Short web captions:
****

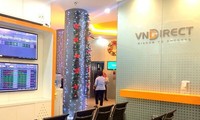 Nhà đầu tư đứng ngồi không yên vì VNDirect giao dịch chợp chờn 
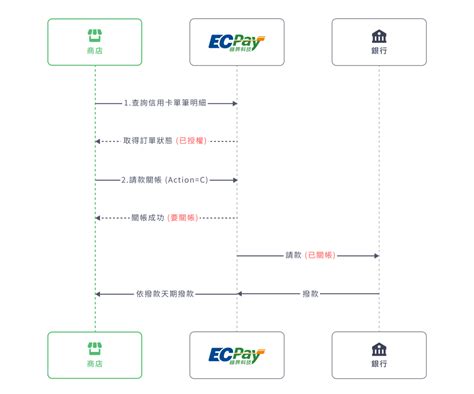 信用卡 授權 未 請 款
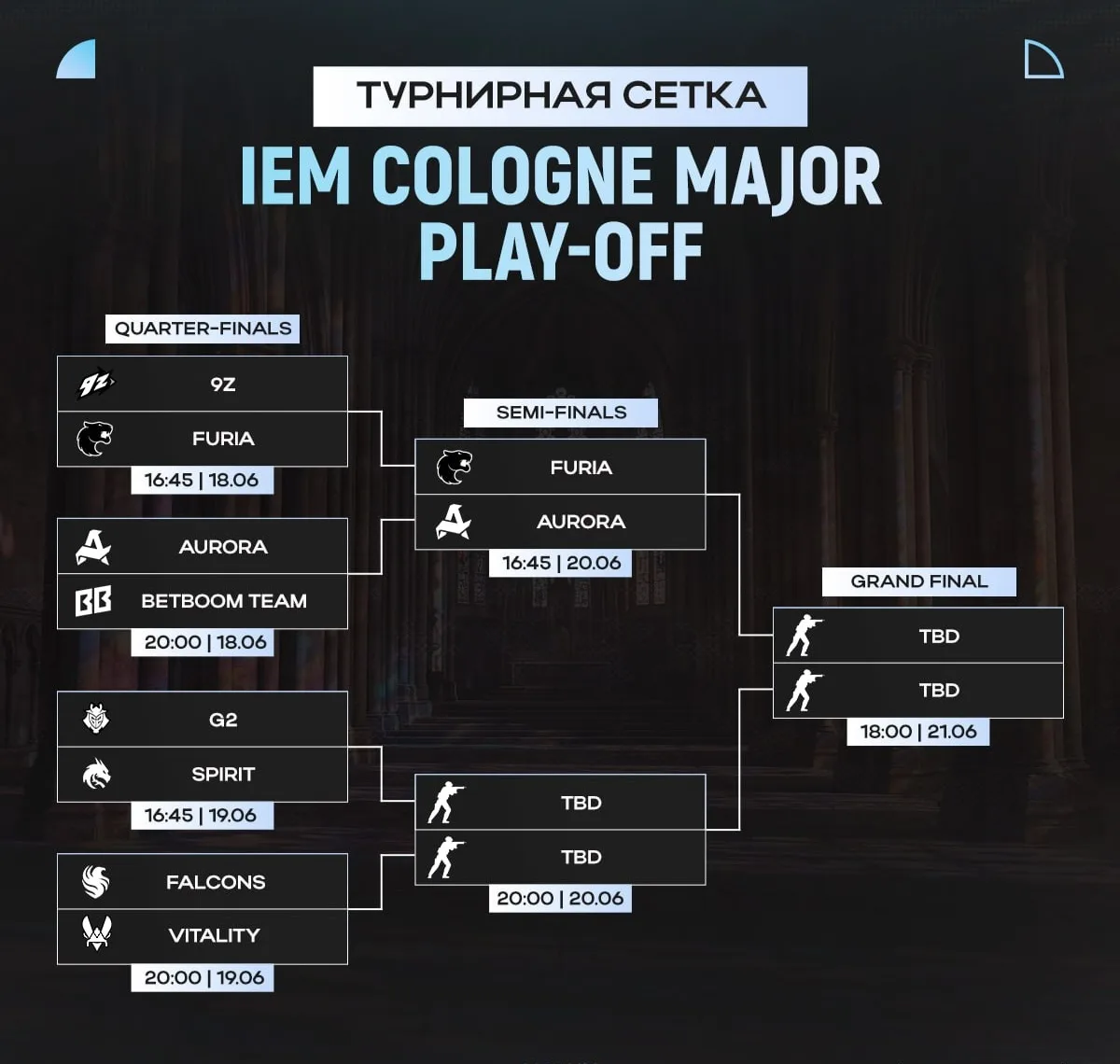 🔍 Сетка плей-офф 🇩🇪 IEM Cologne Major после первого игрового дня:

🌎 9z & 🇷🇺 BetBoom Team поки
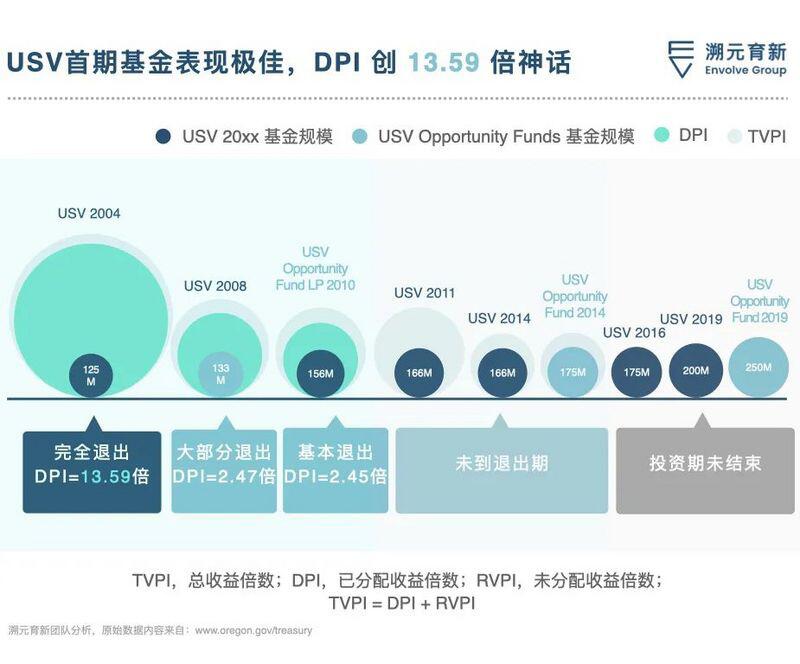2013年投Coinbase赚了两千倍，我其时怎么想的？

****

§ **Prompt**:
All that is required is the lines from the line containing "信用卡 授權 未 請 款" through the end of the records above, copied exactly, and none of the pictures.

§ **Output of the exercise**:
 信用卡 授權 未 請 款
 🔍 Сетка плей-офф 🇩🇪 IEM Cologne Major после первого игрового дня:

🌎 9z & 🇷🇺 BetBoom Team поки
2013年投Coinbase赚了两千倍，我其时怎么想的？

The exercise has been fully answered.